The small town where Johnson was working. (Map design by Lisa Bergquist)
The small town where Johnson was working. (Map design by Lisa Bergquist)

“I realized while working with them that if I always looked at them as a victim then they would always look at themselves as a victim,” said Johnson, now 26.

Johnson is one of 33 Mills alumnae who have served in the Peace Corps since its beginning in March of 1961, according to Leah Woods, a senior at Mills and public affairs assistant for the Peace Corps. These 33 volunteers comprise a small percentage of the 195,000 plus people who have served in the governmental humanitarian organization.

The program — which has sent volunteers to 139 different countries since 1961 — works on such issues as AIDS education, information technology, and environmental preservation, according to the website. Another common thing that volunteers find themselves working on in these countries is youth development. This is exactly what Johnson did when she volunteered at the orphanage in Peru.

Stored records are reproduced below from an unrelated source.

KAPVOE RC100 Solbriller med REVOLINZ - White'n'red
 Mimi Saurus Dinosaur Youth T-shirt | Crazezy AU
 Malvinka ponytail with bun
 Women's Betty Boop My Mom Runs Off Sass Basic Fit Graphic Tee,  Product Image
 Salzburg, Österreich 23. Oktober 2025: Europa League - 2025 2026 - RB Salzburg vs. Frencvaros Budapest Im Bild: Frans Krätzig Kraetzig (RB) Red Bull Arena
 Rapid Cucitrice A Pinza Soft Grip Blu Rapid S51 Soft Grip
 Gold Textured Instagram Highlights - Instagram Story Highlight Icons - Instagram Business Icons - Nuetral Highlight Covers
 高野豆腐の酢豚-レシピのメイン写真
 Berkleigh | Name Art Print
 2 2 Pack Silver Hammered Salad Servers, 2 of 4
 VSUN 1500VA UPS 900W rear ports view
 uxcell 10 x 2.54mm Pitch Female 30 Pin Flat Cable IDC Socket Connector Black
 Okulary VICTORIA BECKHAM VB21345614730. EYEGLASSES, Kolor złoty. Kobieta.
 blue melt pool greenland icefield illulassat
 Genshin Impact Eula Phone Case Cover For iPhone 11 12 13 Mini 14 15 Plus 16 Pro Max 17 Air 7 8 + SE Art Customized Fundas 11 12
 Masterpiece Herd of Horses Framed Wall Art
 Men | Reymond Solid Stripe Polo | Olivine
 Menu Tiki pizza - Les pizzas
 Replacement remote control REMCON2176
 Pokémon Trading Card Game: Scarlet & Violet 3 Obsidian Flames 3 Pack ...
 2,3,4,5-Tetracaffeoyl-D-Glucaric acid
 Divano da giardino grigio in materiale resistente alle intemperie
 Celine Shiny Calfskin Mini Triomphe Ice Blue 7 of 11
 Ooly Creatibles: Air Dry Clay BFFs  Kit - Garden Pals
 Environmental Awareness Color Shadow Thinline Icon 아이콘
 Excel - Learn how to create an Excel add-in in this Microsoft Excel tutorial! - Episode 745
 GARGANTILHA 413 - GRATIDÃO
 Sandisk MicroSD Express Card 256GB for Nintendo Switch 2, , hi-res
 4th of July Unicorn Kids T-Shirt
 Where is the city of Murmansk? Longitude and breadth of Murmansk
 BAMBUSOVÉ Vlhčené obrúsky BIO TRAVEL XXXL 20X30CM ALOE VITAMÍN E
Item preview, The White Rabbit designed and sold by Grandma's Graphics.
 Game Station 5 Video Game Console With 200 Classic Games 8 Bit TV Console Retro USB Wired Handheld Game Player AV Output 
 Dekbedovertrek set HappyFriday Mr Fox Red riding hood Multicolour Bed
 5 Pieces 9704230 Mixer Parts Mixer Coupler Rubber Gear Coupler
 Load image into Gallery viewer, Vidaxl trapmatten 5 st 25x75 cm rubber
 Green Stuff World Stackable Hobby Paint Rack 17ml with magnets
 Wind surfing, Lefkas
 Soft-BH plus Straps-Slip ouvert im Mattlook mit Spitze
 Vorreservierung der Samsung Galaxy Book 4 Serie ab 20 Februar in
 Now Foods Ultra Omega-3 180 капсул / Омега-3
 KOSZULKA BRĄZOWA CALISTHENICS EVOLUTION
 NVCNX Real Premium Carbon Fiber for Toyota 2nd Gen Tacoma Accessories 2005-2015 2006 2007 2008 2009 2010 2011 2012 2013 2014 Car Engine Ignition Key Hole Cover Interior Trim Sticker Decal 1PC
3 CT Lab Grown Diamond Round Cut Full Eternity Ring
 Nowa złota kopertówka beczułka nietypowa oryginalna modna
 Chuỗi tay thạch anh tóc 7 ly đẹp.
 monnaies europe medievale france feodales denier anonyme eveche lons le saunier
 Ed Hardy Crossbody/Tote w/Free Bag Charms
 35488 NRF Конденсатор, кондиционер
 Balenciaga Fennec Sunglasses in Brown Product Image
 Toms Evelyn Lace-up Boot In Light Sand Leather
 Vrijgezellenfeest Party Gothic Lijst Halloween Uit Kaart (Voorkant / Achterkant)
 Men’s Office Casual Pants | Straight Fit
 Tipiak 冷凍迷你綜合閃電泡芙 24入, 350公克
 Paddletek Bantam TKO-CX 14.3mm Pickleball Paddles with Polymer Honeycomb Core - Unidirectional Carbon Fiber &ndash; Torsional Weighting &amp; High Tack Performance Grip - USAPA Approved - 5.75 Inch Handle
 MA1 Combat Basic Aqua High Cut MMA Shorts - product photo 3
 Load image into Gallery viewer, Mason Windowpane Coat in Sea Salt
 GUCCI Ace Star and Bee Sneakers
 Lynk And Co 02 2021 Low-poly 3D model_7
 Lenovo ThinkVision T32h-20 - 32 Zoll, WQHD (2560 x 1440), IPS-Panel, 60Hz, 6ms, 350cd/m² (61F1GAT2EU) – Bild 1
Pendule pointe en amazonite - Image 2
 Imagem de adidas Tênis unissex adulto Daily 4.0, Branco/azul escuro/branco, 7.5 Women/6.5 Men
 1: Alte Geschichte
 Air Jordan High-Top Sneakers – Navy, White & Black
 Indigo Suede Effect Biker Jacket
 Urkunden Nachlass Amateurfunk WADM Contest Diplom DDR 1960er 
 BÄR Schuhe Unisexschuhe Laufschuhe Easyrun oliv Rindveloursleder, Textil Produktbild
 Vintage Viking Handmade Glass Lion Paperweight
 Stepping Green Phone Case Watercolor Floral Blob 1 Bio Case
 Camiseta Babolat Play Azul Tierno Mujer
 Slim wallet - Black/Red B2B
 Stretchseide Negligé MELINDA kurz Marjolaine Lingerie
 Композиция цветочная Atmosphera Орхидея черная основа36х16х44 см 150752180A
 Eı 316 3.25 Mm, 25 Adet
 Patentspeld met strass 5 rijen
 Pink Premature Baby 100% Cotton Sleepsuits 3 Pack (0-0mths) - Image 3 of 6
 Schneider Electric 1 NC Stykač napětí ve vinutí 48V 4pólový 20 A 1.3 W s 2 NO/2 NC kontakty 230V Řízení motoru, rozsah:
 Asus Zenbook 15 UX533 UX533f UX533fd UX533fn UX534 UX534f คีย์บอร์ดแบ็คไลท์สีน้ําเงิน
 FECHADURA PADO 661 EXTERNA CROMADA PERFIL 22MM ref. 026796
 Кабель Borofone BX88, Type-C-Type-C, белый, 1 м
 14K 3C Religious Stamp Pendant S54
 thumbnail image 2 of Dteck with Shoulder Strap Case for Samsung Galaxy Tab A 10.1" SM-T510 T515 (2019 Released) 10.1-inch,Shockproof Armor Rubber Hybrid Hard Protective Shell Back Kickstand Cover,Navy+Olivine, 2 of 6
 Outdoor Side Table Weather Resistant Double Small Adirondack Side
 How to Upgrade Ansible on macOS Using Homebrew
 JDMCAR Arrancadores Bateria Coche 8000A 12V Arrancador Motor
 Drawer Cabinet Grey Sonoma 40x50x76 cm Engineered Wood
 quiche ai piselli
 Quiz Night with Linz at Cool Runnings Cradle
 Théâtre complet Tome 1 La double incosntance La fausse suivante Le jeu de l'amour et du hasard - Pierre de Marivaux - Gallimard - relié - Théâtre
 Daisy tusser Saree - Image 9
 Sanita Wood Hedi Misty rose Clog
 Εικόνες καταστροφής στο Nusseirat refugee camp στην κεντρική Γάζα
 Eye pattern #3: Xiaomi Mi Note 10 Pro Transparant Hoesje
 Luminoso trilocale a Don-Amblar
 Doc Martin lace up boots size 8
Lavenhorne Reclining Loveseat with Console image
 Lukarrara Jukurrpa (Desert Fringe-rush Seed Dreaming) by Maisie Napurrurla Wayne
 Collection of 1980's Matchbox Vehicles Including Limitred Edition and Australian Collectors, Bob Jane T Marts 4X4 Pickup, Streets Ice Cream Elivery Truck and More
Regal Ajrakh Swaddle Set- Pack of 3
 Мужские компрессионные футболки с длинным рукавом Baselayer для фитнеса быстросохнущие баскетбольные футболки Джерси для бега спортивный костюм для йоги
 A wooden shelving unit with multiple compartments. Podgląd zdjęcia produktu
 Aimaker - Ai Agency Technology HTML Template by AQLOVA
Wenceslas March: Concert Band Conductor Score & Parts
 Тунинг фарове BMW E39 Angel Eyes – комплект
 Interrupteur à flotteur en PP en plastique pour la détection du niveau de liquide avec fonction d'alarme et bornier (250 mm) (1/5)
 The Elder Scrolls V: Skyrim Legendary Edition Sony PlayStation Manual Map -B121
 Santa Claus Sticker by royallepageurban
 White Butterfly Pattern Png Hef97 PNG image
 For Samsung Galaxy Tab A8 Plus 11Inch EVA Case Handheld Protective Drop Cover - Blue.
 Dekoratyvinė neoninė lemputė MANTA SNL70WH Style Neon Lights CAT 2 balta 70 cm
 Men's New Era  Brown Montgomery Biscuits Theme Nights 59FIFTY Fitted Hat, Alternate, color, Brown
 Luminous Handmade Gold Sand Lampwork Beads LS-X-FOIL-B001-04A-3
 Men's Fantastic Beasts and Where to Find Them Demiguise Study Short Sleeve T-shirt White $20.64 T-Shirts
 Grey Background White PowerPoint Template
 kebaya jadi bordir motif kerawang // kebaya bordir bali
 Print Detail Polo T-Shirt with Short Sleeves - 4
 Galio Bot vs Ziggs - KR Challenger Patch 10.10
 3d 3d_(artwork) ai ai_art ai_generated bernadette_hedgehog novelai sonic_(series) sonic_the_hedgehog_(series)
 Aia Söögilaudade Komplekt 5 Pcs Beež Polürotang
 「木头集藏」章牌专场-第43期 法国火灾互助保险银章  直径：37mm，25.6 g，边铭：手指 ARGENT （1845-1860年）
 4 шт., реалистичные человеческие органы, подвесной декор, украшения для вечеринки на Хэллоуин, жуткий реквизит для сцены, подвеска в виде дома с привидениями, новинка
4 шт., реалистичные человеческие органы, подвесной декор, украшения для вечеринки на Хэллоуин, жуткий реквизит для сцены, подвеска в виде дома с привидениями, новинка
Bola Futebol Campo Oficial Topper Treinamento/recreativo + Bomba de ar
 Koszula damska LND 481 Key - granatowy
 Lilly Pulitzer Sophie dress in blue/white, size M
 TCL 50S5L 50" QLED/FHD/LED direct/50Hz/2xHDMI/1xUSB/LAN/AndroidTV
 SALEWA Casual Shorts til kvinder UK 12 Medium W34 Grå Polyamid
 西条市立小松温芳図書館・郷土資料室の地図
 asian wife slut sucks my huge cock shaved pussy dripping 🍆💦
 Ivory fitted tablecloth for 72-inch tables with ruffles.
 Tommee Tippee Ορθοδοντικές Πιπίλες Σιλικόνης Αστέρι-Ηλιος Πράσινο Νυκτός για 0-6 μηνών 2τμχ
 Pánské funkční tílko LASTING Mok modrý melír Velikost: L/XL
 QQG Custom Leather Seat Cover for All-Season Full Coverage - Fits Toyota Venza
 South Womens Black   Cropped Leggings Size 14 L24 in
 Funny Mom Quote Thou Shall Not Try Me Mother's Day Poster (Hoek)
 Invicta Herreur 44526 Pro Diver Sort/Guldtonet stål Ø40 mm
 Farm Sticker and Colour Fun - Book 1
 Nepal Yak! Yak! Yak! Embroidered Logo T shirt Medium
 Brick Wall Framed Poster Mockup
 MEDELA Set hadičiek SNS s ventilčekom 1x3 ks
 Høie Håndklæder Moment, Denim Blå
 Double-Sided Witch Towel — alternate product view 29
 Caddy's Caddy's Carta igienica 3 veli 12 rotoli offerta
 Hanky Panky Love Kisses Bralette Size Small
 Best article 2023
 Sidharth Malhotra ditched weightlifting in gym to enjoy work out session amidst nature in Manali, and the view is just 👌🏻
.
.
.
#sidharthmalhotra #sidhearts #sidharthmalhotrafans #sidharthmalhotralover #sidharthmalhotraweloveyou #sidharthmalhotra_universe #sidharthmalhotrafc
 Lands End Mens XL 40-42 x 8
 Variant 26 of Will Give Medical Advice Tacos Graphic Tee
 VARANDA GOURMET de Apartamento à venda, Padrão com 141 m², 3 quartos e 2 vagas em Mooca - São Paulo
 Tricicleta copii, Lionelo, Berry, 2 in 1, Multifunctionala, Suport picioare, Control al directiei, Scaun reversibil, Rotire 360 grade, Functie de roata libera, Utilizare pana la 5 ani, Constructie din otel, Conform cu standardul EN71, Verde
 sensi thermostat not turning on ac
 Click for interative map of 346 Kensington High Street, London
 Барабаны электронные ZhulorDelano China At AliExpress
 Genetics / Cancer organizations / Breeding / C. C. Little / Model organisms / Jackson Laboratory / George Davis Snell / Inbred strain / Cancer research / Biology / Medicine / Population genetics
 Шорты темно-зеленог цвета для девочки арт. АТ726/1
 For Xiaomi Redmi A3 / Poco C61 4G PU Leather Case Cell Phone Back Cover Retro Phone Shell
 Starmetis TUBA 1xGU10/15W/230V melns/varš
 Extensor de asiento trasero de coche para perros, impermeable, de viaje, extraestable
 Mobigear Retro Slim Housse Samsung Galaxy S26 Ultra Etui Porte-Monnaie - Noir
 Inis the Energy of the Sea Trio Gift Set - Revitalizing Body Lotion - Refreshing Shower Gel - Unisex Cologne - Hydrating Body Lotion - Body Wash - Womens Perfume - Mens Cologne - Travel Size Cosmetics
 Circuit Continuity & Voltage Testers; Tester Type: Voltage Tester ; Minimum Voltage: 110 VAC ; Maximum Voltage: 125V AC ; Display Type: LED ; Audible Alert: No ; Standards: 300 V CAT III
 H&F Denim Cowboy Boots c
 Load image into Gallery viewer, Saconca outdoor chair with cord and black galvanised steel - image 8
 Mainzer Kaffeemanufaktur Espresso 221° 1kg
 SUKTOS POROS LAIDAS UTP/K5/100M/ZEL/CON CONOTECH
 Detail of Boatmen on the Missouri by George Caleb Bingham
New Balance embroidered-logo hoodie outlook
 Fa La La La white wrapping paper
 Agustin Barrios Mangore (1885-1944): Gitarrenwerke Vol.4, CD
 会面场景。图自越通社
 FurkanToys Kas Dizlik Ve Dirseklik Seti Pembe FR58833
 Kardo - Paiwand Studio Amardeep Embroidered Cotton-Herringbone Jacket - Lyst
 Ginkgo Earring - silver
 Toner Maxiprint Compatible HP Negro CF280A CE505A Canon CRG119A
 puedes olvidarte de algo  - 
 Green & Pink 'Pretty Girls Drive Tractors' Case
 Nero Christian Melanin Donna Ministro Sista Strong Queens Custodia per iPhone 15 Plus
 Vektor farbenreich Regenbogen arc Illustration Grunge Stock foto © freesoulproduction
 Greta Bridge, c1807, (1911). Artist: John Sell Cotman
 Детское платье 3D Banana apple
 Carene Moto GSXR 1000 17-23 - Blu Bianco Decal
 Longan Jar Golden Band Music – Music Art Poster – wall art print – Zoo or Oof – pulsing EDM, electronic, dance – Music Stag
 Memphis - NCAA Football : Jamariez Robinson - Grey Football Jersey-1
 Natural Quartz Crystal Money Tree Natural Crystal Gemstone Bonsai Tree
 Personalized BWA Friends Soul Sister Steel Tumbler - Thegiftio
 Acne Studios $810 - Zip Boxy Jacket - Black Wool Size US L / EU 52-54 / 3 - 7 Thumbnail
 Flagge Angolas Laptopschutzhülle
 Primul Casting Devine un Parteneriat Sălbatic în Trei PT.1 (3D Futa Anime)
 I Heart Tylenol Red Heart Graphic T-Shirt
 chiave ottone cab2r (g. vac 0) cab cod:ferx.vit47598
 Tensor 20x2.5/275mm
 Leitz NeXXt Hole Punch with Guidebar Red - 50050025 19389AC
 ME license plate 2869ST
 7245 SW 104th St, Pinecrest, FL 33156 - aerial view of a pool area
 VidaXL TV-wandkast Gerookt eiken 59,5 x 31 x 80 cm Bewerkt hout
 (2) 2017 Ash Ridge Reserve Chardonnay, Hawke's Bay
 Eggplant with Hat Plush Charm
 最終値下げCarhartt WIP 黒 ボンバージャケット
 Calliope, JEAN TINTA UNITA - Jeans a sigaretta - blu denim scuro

“I worked in an orphanage with teen mothers, the girls were all victims of rape, and so I worked with them on health issues and vocational skills,” said Johnson.

“The girls were strong. The youngest girl there was 11 and the oldest was 17 and they all had their babies. It wasn’t just about them, they had to survive because they had another person to care for.”

Johnson held various workshops. In order for these workshops to be successful, Johnson had to learn new life skills as well.

“I learned to be patient and to improvise. If I wanted to do an activity about goal setting, it wouldn’t work because they had no motivation to set goals. So instead of getting upset, I would break my activity plan down. In other words instead of starting with goal planning, we started with ‘What is a goal?’” said Johnson.

For Johnson, her host family became her home away from home. To this day, Johnson still talks to her host family on a weekly basis. She wishes that she could talk to the young women in the orphanage more often, but communication is difficult because the orphanage has no phone.

According to Johnson, the most rewarding part of the journey was building a relationship with these young women. Once they warmed up to her, Johnson realized that all they wanted was to be able to trust someone. She won this trust by telling them when and where she was going to do something and actually following through.

“The girls taught me that you have to overcome certain circumstances in your life,” said Johnson.”And that you can’t think of yourself as the victim or you will never be able to do what you have to do.”

A recruiter from the Peace Corps will be on campus at the Mills College Internship and Volunteer Fair in the Student Union, October 22 from 12 p.m. to 2p.m.